REQUIREMENT: For the entries that follow, retype exactly the lines from the one containing "Mercedes-Benz E 43" to the one containing "63 Gardner Rd, Hubbardston MA 01452 photo 5", inclusive, and only those. Images stay out of the copy.

DATA RECORDS:

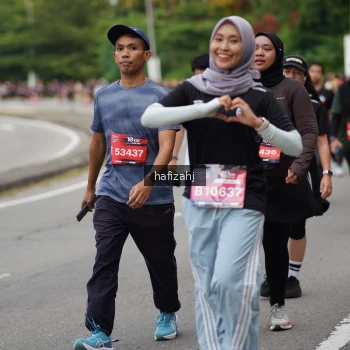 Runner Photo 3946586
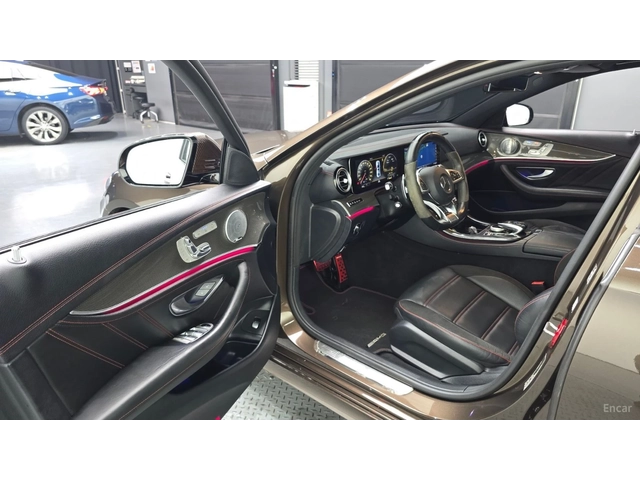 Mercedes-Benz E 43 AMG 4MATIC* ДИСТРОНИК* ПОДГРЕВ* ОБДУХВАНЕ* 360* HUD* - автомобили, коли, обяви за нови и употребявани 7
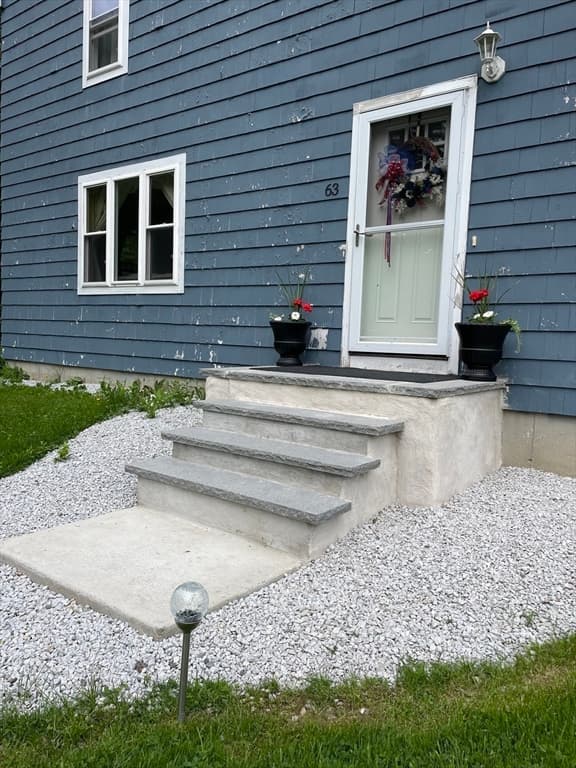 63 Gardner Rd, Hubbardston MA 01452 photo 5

---

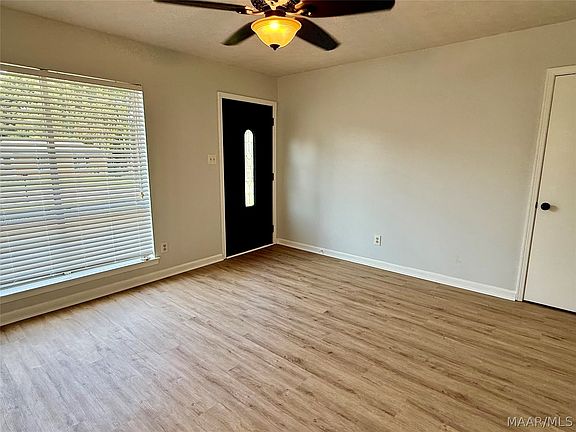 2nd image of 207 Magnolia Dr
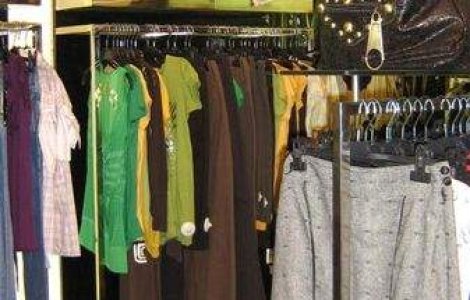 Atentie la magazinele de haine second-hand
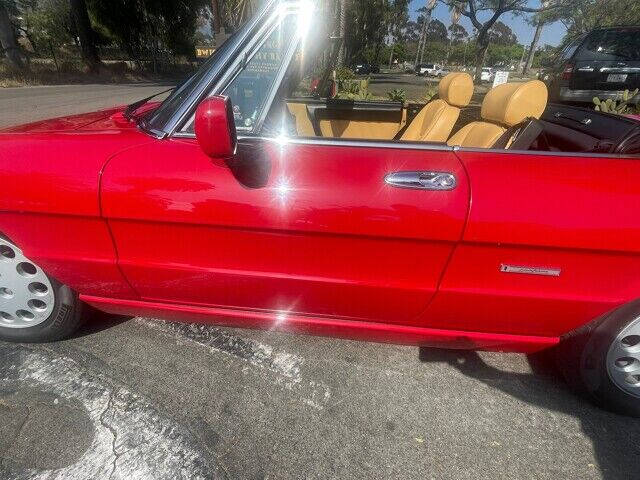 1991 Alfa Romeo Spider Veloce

...

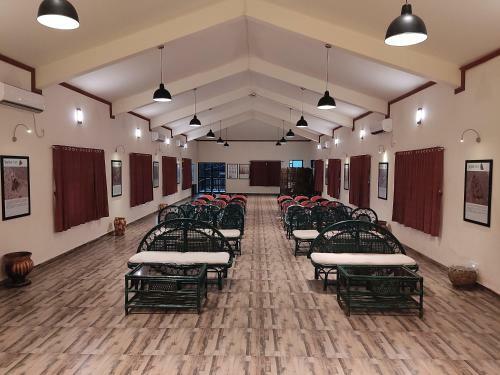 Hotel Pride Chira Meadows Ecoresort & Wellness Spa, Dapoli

SOLVED PROBLEM:
 Mercedes-Benz E 43 AMG 4MATIC* ДИСТРОНИК* ПОДГРЕВ* ОБДУХВАНЕ* 360* HUD* - автомобили, коли, обяви за нови и употребявани 7
 63 Gardner Rd, Hubbardston MA 01452 photo 5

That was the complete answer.